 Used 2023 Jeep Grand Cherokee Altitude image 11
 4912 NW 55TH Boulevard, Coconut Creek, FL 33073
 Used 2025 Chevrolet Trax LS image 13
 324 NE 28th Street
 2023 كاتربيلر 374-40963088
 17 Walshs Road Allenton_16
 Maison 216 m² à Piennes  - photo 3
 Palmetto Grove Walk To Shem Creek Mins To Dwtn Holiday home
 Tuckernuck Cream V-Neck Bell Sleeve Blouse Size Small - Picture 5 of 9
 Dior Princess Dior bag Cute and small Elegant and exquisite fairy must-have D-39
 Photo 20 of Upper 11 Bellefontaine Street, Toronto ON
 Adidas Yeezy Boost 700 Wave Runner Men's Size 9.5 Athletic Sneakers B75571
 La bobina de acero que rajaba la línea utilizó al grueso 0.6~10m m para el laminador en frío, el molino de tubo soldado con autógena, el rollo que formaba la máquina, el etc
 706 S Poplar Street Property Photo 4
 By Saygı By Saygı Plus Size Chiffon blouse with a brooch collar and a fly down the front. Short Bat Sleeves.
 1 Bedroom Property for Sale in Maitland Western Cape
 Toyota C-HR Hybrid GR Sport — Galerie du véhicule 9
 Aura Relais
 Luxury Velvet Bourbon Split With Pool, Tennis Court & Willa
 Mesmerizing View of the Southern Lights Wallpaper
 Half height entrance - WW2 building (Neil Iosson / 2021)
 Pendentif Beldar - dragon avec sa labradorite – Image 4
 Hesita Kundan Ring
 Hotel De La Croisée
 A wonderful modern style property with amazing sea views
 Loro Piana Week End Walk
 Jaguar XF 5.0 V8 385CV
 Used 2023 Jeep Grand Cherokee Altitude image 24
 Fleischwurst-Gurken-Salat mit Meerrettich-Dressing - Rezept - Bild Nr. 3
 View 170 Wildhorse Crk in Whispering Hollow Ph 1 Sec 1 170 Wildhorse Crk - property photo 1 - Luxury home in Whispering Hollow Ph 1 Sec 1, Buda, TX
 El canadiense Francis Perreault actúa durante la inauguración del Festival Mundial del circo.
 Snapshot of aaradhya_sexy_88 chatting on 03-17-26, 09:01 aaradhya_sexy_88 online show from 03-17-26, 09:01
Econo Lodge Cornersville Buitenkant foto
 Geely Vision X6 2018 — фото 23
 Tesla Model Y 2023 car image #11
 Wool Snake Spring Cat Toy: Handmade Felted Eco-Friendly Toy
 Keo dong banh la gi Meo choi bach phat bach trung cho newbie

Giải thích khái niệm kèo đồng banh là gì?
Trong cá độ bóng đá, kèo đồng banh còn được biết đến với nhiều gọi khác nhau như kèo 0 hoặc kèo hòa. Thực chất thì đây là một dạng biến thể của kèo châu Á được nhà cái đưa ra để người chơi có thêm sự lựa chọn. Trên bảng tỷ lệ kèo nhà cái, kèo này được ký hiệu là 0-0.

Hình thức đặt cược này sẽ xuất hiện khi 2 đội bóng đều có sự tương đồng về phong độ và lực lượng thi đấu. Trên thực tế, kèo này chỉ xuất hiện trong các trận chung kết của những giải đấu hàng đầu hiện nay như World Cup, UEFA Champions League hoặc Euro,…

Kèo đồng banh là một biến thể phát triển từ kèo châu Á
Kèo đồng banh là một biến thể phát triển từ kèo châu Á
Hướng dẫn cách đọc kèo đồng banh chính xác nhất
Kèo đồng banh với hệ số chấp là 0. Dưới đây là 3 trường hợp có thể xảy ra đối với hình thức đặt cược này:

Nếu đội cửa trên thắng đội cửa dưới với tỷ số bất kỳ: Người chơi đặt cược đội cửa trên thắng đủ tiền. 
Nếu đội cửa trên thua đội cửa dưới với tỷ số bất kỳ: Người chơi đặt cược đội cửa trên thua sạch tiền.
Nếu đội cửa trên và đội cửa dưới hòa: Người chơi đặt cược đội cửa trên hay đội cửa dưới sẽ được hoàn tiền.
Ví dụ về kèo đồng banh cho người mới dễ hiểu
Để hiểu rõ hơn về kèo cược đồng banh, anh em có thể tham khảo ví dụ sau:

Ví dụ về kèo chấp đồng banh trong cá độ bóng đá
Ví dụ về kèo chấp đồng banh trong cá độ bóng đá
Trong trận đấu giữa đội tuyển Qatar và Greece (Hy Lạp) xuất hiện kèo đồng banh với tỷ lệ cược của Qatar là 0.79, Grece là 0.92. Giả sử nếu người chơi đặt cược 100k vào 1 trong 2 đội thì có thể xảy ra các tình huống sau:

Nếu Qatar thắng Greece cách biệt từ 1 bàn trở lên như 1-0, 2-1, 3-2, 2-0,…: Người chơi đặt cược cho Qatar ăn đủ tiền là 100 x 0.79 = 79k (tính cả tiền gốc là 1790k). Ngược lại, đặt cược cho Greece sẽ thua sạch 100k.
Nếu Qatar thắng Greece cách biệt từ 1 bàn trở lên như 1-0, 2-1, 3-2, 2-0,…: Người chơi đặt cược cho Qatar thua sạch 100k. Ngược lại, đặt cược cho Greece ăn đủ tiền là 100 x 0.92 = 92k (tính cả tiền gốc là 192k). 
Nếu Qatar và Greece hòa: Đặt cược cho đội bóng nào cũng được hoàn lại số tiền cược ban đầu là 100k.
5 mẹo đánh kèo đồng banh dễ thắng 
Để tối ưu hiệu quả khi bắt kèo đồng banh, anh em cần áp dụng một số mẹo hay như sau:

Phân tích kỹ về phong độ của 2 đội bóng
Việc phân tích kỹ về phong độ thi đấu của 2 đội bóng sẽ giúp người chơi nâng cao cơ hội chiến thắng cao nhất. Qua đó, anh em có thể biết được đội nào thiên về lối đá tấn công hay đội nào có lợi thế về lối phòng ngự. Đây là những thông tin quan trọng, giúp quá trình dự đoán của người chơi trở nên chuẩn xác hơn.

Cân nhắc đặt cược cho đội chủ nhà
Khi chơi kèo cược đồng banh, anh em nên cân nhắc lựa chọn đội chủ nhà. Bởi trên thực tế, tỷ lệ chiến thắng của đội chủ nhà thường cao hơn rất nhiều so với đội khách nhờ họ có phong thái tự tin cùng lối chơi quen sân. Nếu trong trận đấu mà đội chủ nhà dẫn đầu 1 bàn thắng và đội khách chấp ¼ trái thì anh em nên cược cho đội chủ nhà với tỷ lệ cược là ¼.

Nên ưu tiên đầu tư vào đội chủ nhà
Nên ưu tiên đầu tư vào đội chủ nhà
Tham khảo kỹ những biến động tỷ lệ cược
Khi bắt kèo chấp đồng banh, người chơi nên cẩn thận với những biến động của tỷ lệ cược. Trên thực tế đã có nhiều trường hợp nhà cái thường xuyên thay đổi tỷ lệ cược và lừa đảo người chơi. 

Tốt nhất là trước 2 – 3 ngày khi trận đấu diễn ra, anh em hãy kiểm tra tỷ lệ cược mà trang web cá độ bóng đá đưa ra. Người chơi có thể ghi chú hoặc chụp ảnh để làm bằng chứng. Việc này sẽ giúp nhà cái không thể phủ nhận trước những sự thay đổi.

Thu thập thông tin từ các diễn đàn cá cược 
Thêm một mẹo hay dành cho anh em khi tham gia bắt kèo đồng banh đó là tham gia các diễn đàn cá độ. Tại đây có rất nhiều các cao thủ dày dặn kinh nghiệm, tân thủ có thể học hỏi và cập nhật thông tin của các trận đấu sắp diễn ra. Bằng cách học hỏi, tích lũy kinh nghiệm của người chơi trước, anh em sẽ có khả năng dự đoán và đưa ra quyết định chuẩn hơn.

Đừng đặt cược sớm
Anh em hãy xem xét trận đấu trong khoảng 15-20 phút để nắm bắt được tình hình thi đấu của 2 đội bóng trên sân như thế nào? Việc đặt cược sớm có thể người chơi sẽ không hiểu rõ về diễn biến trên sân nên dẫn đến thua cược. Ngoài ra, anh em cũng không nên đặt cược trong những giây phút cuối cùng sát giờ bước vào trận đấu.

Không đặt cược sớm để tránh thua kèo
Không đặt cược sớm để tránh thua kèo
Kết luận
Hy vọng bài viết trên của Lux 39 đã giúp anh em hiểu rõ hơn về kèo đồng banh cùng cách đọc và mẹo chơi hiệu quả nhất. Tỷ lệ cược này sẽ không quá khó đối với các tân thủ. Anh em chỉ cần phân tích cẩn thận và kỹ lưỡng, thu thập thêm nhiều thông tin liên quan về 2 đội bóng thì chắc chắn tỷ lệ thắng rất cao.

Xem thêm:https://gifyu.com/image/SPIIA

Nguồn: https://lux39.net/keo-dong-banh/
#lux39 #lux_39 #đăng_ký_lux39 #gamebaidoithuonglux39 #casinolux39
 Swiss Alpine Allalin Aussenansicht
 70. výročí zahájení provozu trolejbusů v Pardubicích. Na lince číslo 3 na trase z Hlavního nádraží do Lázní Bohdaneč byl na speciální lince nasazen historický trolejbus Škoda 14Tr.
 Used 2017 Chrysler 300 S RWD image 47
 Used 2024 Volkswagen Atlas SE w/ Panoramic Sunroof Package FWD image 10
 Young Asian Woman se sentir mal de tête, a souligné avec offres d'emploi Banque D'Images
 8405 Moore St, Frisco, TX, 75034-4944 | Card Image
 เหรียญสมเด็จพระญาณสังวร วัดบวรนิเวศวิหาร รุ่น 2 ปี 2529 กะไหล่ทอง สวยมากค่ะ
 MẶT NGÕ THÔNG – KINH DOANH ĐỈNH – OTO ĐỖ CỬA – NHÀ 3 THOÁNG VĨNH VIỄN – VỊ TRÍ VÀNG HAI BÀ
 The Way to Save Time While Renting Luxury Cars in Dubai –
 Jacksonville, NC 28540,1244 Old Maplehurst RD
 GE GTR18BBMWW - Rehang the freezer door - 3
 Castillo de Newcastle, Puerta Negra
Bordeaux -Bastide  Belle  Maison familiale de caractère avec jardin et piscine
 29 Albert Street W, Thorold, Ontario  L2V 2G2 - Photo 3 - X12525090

- INSTRUCTIONS FOR THE TASK: Lines that hold the word "Used" are the ones to copy from the entries above.

- RESULT OF THE TASK:
 Used 2023 Jeep Grand Cherokee Altitude image 11
 Used 2025 Chevrolet Trax LS image 13
 Used 2023 Jeep Grand Cherokee Altitude image 24
 Used 2017 Chrysler 300 S RWD image 47
 Used 2024 Volkswagen Atlas SE w/ Panoramic Sunroof Package FWD image 10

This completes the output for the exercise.